The images from the West Coast in late 2018 were terrifying: apocalyptic wildfires, with flames soaring hundreds of feet and racing through towns and neighborhoods destroying homes. Still, some houses survive because their owners took critical preventative steps beforehand. What can you do to spare your home?
Create a safe zone free from fuel
Fires need fuel and air to burn. You can’t deprive a fire of oxygen, but you can limit the amount of fuel available to an advancing wildfire. The following steps can help protect your home.
- Experts advise limiting the available sources of fuel within a 100-foot zone of your house.
- Within 30 feet of your home, install hard scapes and paths to cut back on available fuel and create firebreaks. Keep shrubbery low and plant boxwoods, hydrangeas and azaleas, which are more fire-resistant than plants such as hollies. Use gravel and stone bedding instead of bark mulch. Don’t keep firewood stacked against the house; in addition to providing fuel for fires, it attracts termites.

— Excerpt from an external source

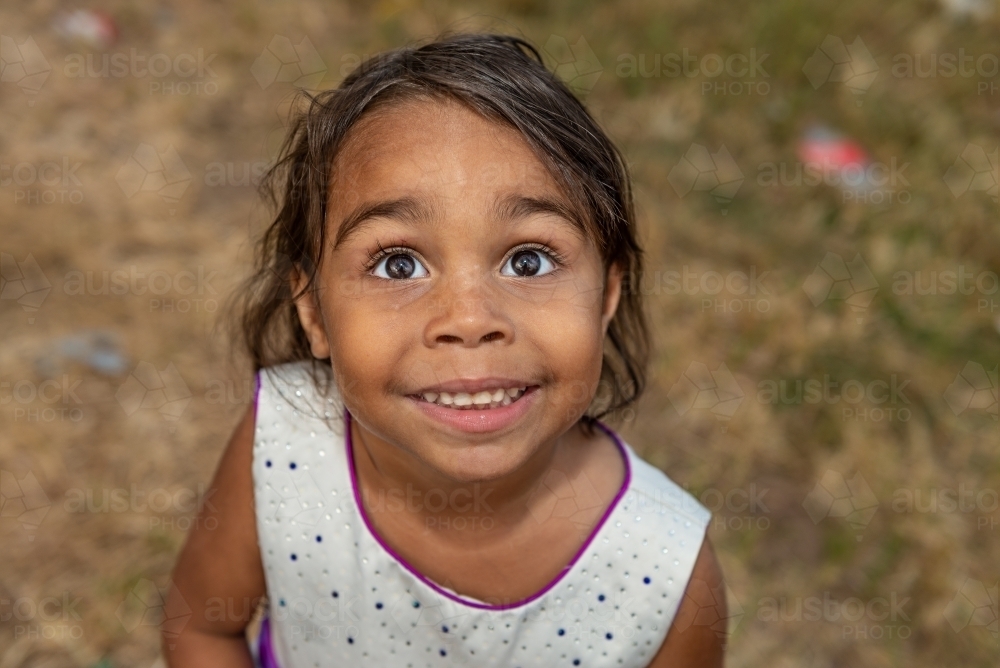 Aboriginal child smiling - Australian Stock Image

- Cut down high grasses at the fringes of your property. Keep your lawn cut regularly and watered often. If wildfires are in your area, run your sprinkler system every few hours until the danger passes.
- Remove wild trees that are high in oil content. Cedars, other junipers, eucalyptus and pines are torches just waiting to be lit.
- Maintain trees that are less likely to burn, such as hardwoods like aspens and oaks. Keep the lower limbs cut back and thinned out and remove undergrowth beneath trees. Wild shrubs, grasses, weeds and deadwood provide the fuel for fires to spread up into trees.
Safeguarding your roof from fire
Often houses catch on fire when flying embers land on the roof or other vulnerable areas. To minimize this risk:
- Keep your gutters free from leaves, pine needles and debris, all of which are dry tender.
- Install wire mesh screens on roof vents to prevent flying embers from entering your attic.
- Consider replacing wood shakes and asphalt or composition shingles on your roof with slate, tile or standing metal seam roofs, all of which are more fire-resistant. (Metal roofs also shed accumulated snow more readily than other roofs.)